• Task directions
Using the data beneath this instruction, retype only the lines from the one that contains "Neurocomic cover" down to the one that contains "HD Scooby Doo", both included, exactly as they appear.

• Data records

▼

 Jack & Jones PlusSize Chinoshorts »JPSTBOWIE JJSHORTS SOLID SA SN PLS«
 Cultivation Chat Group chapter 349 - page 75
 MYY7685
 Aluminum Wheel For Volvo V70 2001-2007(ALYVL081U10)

▲
▼

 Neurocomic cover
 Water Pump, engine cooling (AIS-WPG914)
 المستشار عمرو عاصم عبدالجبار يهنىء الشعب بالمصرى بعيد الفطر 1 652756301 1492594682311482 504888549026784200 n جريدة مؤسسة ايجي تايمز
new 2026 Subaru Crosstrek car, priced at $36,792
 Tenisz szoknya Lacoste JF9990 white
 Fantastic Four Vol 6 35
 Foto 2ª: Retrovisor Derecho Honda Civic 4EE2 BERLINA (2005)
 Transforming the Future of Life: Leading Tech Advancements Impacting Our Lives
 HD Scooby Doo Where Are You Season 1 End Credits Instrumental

▲

• Answer box
 Neurocomic cover
 Water Pump, engine cooling (AIS-WPG914)
 المستشار عمرو عاصم عبدالجبار يهنىء الشعب بالمصرى بعيد الفطر 1 652756301 1492594682311482 504888549026784200 n جريدة مؤسسة ايجي تايمز
new 2026 Subaru Crosstrek car, priced at $36,792
 Tenisz szoknya Lacoste JF9990 white
 Fantastic Four Vol 6 35
 Foto 2ª: Retrovisor Derecho Honda Civic 4EE2 BERLINA (2005)
 Transforming the Future of Life: Leading Tech Advancements Impacting Our Lives
 HD Scooby Doo Where Are You Season 1 End Credits Instrumental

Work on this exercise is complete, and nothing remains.